[Brief] Give back every record exactly, with its pictures left out.

----- Excerpted records -----

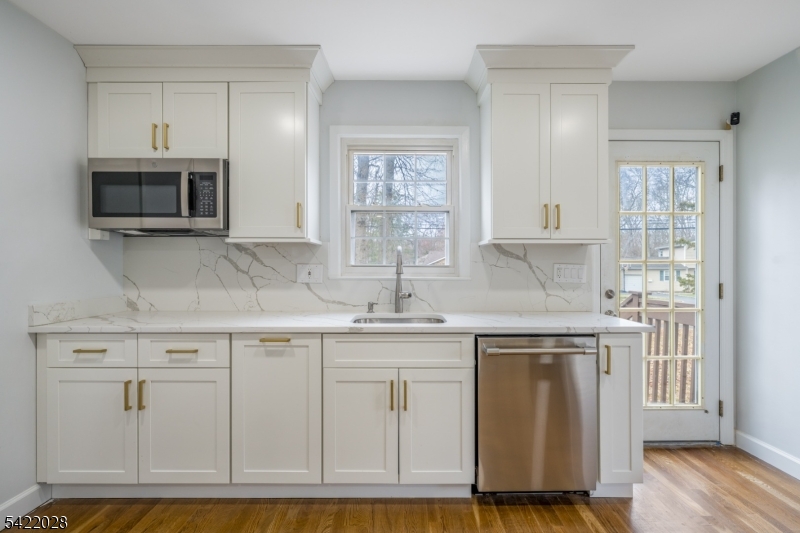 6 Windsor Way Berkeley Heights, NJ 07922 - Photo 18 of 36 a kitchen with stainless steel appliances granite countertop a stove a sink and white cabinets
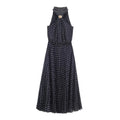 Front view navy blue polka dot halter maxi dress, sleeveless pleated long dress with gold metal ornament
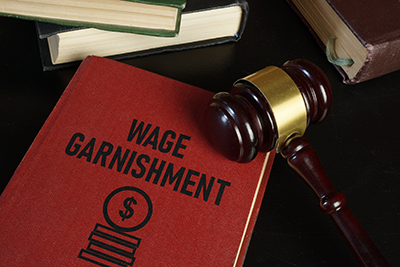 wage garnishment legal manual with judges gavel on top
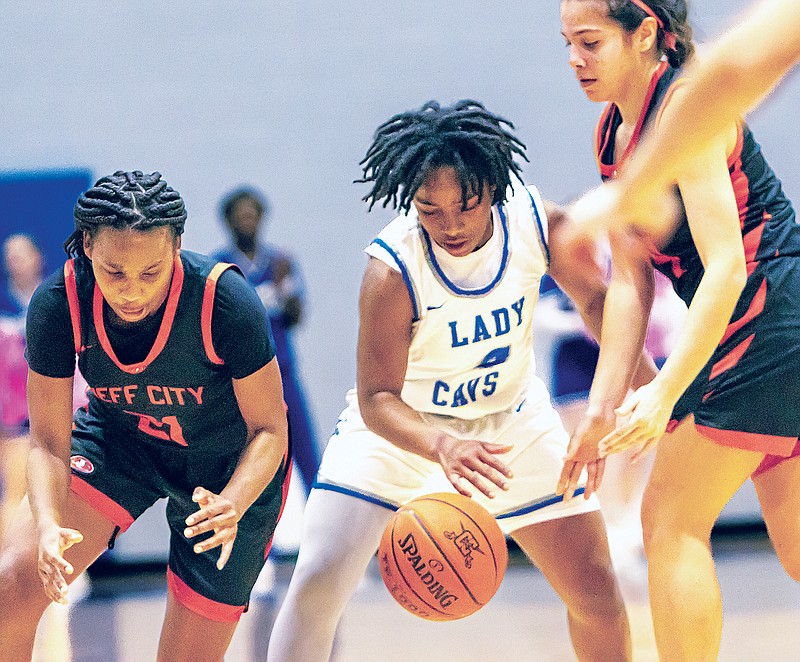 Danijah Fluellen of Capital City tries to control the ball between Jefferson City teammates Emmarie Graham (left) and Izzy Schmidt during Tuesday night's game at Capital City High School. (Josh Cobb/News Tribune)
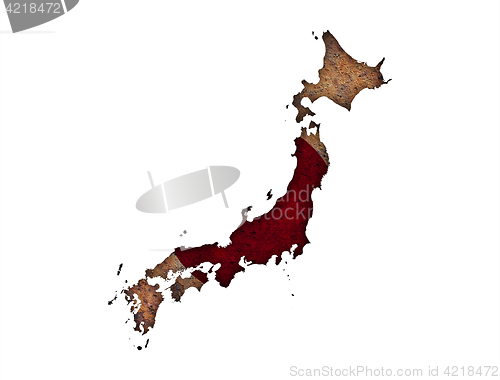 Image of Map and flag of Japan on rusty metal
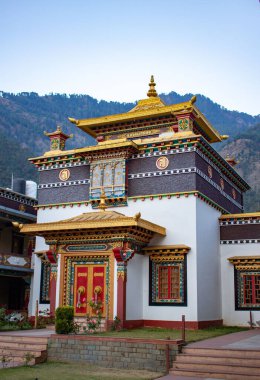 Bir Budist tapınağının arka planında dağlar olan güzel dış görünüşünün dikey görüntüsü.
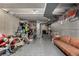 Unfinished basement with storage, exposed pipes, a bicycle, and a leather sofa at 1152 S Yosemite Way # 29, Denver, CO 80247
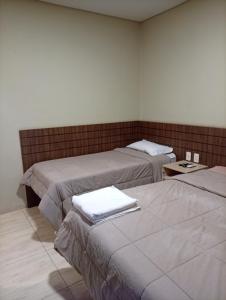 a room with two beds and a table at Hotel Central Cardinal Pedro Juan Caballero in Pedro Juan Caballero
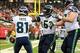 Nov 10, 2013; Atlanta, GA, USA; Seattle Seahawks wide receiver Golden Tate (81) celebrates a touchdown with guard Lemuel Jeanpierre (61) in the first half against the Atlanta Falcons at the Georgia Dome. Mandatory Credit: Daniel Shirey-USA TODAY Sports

-----

[Solution to this task]
 6 Windsor Way Berkeley Heights, NJ 07922 - Photo 18 of 36 a kitchen with stainless steel appliances granite countertop a stove a sink and white cabinets
 Front view navy blue polka dot halter maxi dress, sleeveless pleated long dress with gold metal ornament
 wage garnishment legal manual with judges gavel on top
 Danijah Fluellen of Capital City tries to control the ball between Jefferson City teammates Emmarie Graham (left) and Izzy Schmidt during Tuesday night's game at Capital City High School. (Josh Cobb/News Tribune)
 Image of Map and flag of Japan on rusty metal
 Bir Budist tapınağının arka planında dağlar olan güzel dış görünüşünün dikey görüntüsü.
 Unfinished basement with storage, exposed pipes, a bicycle, and a leather sofa at 1152 S Yosemite Way # 29, Denver, CO 80247
 a room with two beds and a table at Hotel Central Cardinal Pedro Juan Caballero in Pedro Juan Caballero
 Nov 10, 2013; Atlanta, GA, USA; Seattle Seahawks wide receiver Golden Tate (81) celebrates a touchdown with guard Lemuel Jeanpierre (61) in the first half against the Atlanta Falcons at the Georgia Dome. Mandatory Credit: Daniel Shirey-USA TODAY Sports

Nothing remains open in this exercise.